Now, if you're going to make a science fiction movie about some weird stuff going on in town, some conspiracy or secret, there are a couple of ways of approaching it. You always begin with a normal person, as this movie does with Kinsky. And there should be someone else around who behaves normally, so that the hero or heroine can have someone to talk things over with. Katherine Ross, in "The Stepford Wives", has the bosomy, candid Paula Prentice to talk to, until Prentice became part of the problem instead of the solution.

Alternatively you can have the entire town act normal until its residents one by one become creepy, or a group become, let's say, unusual. See "Invasion of the Body Snatchers" for an example of the first kind, and "Village of the Damned" for the second.

In this remake, the entire town resents Kinsky from the moment she first drives into it, even before they can possibly know who she is. Actually, she's the school's resident psychological counselor, which puts her in the position of being nosy and turning the town's resentments into full-blown hatred. We know she's resented from the first few minutes of the movie when the director has carelessly positioned the extras so that they all stand with their hands on their hips, glaring at her.

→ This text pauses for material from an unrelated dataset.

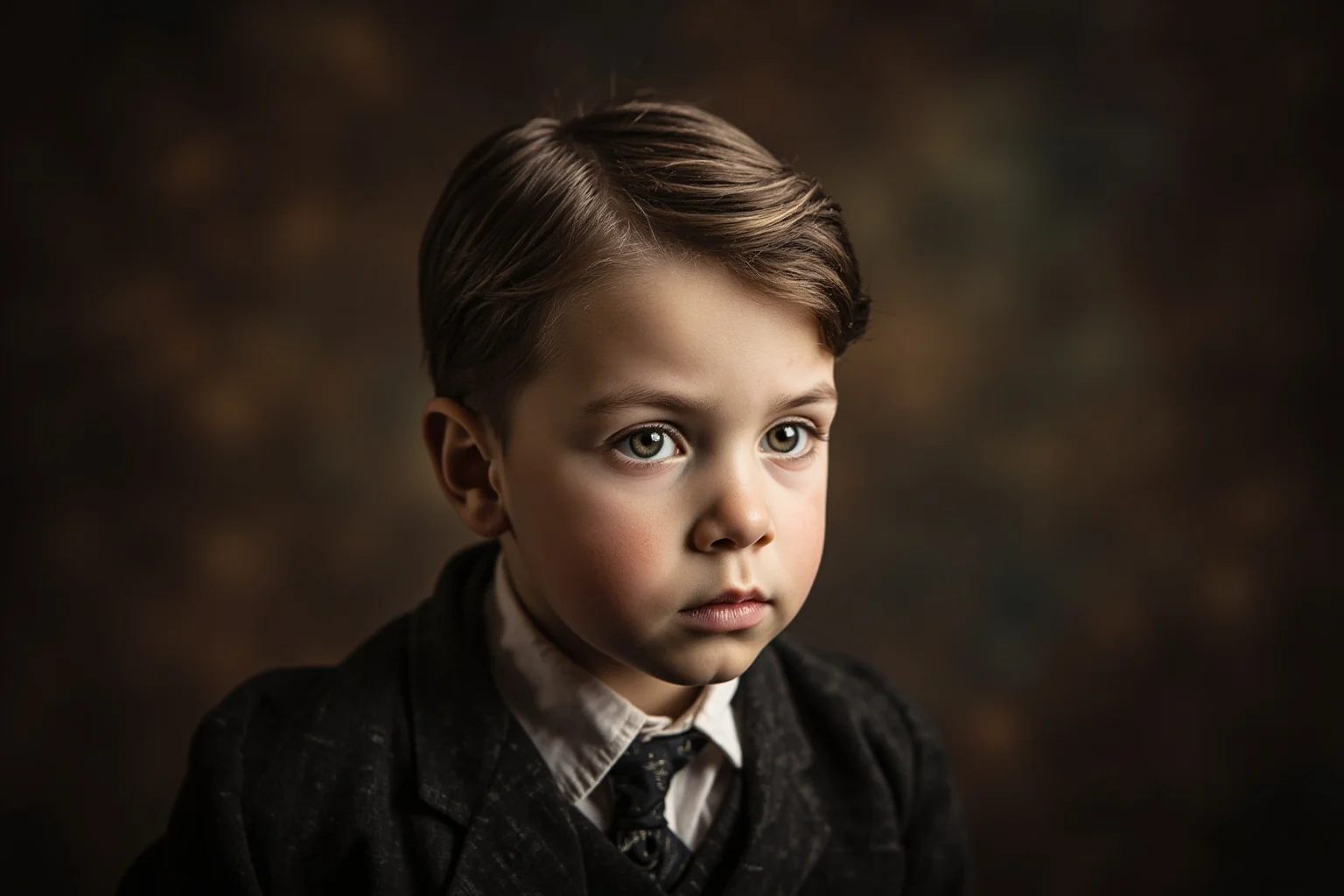An old-fashioned British aristocratic-style portrait of a young boy in tailored early 1900s clothing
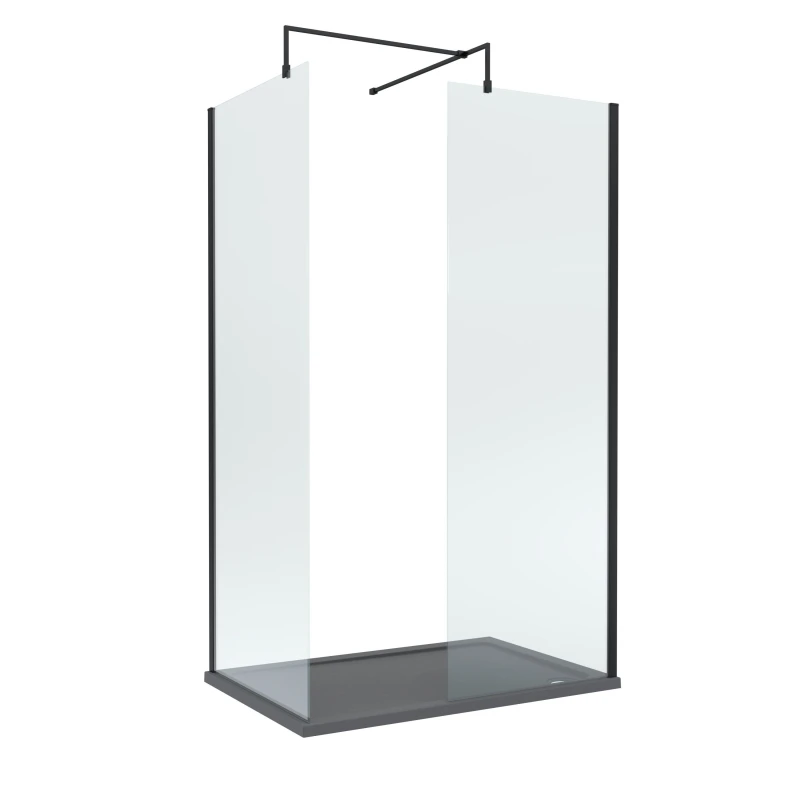 Image of Balterley 8mm Glass Wetroom Screens Matt Black & Slate Grey Tray 1200 x 900mm Black Unisex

Does she get help from the school's nurse? How about the school's principal? Are you kidding? This raises an interesting question right off the bat. If no one in the town wants a snoopy school psychologist, then why did they hire one? I have it on now in the other room. Somehow it was mistakenly included in a box of DVDs someone sent me. I won't watch it until the end because I don't care what the town's secret is. I imagine, though, that, since this is a remake of a cheap science fiction film from the 50s, and because the cover tells me so, that a monster appears courtesy of special effects. The appearance of a modern CGI monster is, I take it, the chief reason for the appearance of the movie. I can't think of any other reason.

Who would enjoy it? I think lots of kids around 10 or 12 would get a kick out of this undemanding and commercial pap. And, meaning no disrespect, I imagine some adults with a taste for cheaply done science fiction movies with slobbering creatures killing off characters would also enjoy it.

Not my cup of tea though. Not a soupçon of originality. Can't speak for everyone.